In a post last week, my fellow co-blogger, Arnold Kling, writes about Obama OMB director Peter Orszag’s thoughts on controlling health care costs. I think Orszag misses an important point and so does Arnold.

First, Orszag. He takes as given that the government should try to control health care costs. But why? The usual answer is that health care spending as a percent of GDP is rising. But lots of spending as a percent of GDP is rising. I haven’t checked lately but a few years ago spending on airline travel as a percent of GDP was rising.
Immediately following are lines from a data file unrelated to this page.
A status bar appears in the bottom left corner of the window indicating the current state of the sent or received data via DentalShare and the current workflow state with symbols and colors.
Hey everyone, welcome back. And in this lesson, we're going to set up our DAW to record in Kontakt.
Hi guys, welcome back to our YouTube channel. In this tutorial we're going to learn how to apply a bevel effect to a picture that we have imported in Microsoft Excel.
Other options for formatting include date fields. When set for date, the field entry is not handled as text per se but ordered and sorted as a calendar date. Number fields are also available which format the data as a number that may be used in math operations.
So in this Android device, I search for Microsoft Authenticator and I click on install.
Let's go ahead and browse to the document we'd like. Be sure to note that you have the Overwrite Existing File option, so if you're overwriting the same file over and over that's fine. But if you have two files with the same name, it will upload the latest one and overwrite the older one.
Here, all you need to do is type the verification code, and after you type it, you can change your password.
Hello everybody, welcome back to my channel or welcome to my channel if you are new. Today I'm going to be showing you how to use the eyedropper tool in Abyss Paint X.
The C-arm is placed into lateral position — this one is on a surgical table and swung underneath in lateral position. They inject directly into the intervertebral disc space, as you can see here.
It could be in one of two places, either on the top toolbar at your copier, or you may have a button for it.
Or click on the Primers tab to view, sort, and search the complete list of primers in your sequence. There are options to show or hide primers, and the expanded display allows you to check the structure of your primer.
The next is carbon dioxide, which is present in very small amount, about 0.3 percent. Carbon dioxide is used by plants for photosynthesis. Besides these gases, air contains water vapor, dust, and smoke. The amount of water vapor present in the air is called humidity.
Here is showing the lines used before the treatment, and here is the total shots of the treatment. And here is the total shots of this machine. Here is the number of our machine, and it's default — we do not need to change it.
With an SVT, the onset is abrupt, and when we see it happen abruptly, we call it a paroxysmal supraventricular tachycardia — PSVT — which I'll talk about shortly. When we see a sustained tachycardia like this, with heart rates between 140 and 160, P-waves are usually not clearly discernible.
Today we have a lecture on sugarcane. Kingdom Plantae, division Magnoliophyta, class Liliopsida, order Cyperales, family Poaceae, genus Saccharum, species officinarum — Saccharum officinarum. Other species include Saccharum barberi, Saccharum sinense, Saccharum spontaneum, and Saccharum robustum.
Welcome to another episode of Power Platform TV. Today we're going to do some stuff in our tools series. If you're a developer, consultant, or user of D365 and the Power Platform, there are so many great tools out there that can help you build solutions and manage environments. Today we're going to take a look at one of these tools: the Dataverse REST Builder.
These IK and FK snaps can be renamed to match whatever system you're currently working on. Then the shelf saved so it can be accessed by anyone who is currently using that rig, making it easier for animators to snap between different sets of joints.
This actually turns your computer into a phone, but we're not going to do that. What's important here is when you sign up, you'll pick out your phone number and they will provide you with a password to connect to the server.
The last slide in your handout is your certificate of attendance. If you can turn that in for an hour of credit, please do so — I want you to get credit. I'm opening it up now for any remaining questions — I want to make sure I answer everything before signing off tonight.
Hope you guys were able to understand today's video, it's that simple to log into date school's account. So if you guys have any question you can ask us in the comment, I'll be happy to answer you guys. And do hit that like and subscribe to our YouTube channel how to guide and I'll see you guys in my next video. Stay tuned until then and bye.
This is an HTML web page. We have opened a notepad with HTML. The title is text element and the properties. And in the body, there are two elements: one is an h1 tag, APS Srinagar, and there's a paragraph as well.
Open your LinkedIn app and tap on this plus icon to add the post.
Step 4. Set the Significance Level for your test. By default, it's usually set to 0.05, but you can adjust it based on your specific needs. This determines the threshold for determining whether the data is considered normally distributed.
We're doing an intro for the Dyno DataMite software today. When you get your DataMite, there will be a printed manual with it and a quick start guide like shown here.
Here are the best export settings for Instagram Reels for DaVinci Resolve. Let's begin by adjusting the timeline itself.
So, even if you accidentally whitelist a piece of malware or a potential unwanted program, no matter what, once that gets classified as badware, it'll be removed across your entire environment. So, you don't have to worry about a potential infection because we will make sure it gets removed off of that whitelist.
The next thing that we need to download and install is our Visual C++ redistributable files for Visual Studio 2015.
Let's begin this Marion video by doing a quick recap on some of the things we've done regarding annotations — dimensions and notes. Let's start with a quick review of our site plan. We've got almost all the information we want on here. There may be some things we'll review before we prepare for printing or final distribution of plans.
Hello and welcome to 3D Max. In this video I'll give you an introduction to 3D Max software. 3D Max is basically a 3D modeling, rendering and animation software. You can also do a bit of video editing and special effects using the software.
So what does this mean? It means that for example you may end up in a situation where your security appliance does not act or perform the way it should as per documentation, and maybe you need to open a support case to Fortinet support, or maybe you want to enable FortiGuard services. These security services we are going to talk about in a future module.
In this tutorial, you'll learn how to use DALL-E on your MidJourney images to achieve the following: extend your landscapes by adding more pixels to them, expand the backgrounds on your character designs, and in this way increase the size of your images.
I didn’t hear anyone call for reducing or reversing that growth. So what’s the relevant distinction between health care spending and spending on airline travel? There is one and it’s that so much of health care spending is people spending other people’s money. This is true in one of two senses. For government programs such as Medicare and Medicaid, where spending as a percent of GDP has risen much more than private health care spending as a percent of GDP, people are spending taxpayers’ money. For private health insurance, even though people contributed either directly or implicitly via lower wages and salaries from their employers, at the point of purchase most people are spending mainly the insurance company’s money.

But given that that’s the important distinction, our solutions should focus on that. Which brings me to Arnold’s point. I don’t particularly disagree with what Arnold wrote, but he started his analysis in the middle rather than at the start. Arnold asks:

Next, imagine that the best hope is a treatment that costs $100,000 and offers a chance of success of 1 in 200. Would I want her [his daughter] to get that treatment? Absolutely.

Who wouldn’t? But let’s ask a prior question. What if Arnold or you or I could buy health insurance that covered treatments that give a 1 in 200 chance of survival and cost $100K? Or we could buy insurance from a company that refuses to cover such high-cost, low-probability treatments. Of course, ceteris paribus, the second kind of insurance would be lower-price. Which would you buy? If the former, then fine: you paid the expected cost. What’s the problem? If the latter, then fine: you didn’t pay the expected cost. And again, what’s the problem?